Reis Joaquim L, Correia-Pinto Jorge, Monteiro Mariana P, Hutchins Grover M
Department of Anatomy, Abel Salazar Institute for Biomedical Sciences (ICBAS) and Unit for Multidisciplinary for Biomedical Research (UMIB), University of Porto, Portugal.
J Neurosurg. 2007 Jun;106(6 Suppl):472-9. doi: 10.3171/ped.2007.106.6.472.
Myelomeningocele (MMC) is the most severe form of spina bifida causing severe neurological deficits. Injury to the placode has been attributed to in utero aggression. In this study, glial and neuronal cell changes in both number and topography in mice with MMC were investigated during gestation.
The curly tail/loop-tail mice model of MMC was used, and fetuses were harvested using caesarean surgery at Days 14.5, 16.5, and 18.5 (full gestation at 19 days). Immunohistochemical analyses of the MMC placodes and the normal spinal cords from the control group were performed using anti-glial fibrillary acidic protein (astrocytes) and mouse anti-neuronal nuclear (neurons) antibodies. Light microscopy was used along with computer-assisted morphometric evaluation. Progressive increases in astrocytes in the spinal cord of all mouse fetuses were found between Days 14.5 and 18.5 of gestation. This increase was significantly higher in the placodes of mice with MMC than in those of normal mice, particularly in the posterior region. Neuronal labeling at Day 14.5 of gestation was similar between mice with MMC and control mice. At Day 16.5 of gestation there was a deterioration of neural tissue in MMC fetuses, mainly in the posterior region, progressing until the end of gestation with a marked loss of neurons in the entire MMC placode.

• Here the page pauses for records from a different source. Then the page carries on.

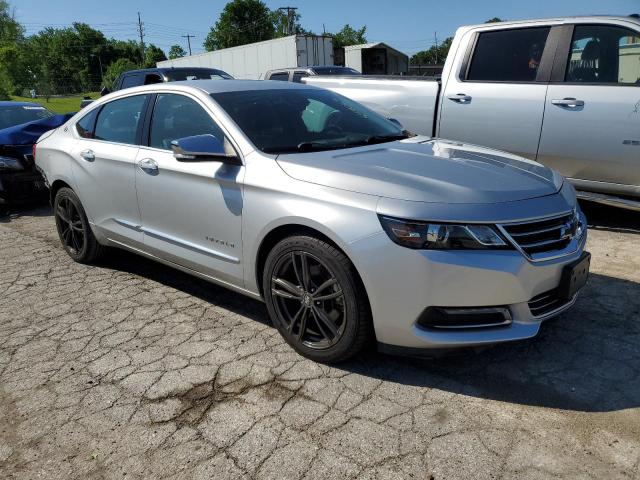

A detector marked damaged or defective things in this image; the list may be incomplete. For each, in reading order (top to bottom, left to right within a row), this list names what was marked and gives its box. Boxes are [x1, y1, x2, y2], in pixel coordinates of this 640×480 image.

cracked asphalt [0, 203, 636, 480]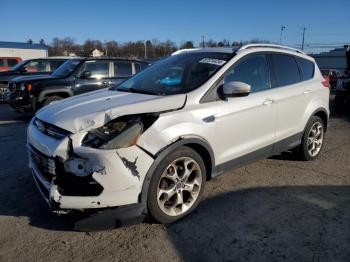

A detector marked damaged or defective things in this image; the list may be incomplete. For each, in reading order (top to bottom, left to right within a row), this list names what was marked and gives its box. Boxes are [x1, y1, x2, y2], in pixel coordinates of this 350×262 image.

crumpled hood [36, 88, 186, 133]
broken plastic trim [82, 113, 159, 149]
damaged front bumper [29, 119, 156, 212]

This study delineated the quantitative changes in astrocytes and neurons associated with MMC development during the late stages of gestation. The detailed topographic analysis of the MMC defines the timing of the intrauterine insult and how the placode lesions progress. This study supports the current concept of placode protection through in utero surgery for fetuses with MMC.

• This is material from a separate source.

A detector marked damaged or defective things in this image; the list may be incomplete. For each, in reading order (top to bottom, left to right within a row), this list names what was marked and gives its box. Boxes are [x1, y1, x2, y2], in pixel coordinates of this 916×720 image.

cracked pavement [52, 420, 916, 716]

脊髓脊膜膨出(MMC)是脊柱裂最严重的形式,可导致严重的神经功能缺损。神经板损伤被认为与子宫内的侵害有关。在本研究中,对妊娠期患有MMC的小鼠神经胶质细胞和神经元细胞数量及拓扑结构的变化进行了研究。
采用MMC的卷尾/环尾小鼠模型,在妊娠第14.5天、16.5天和18.5天(妊娠全程为19天)通过剖腹产手术获取胎儿。使用抗胶质纤维酸性蛋白(星形胶质细胞)和小鼠抗神经元核(神经元)抗体对MMC神经板和对照组的正常脊髓进行免疫组织化学分析。使用光学显微镜并结合计算机辅助形态学评估。发现在妊娠第14.5天至18.5天期间,所有小鼠胎儿脊髓中的星形胶质细胞逐渐增加。这种增加在患有MMC的小鼠神经板中比正常小鼠神经板中显著更高,特别是在后部区域。妊娠第14.5天时,患有MMC的小鼠和对照小鼠之间的神经元标记相似。在妊娠第16.5天时,MMC胎儿的神经组织出现退化,主要在后部区域,这种退化一直持续到妊娠末期,整个MMC神经板中的神经元明显丢失。
本研究描述了妊娠后期与MMC发育相关的星形胶质细胞和神经元的定量变化。对MMC进行详细的拓扑分析确定了子宫内损伤的时间以及神经板病变的进展方式。本研究支持通过对患有MMC的胎儿进行子宫内手术来保护神经板的当前概念。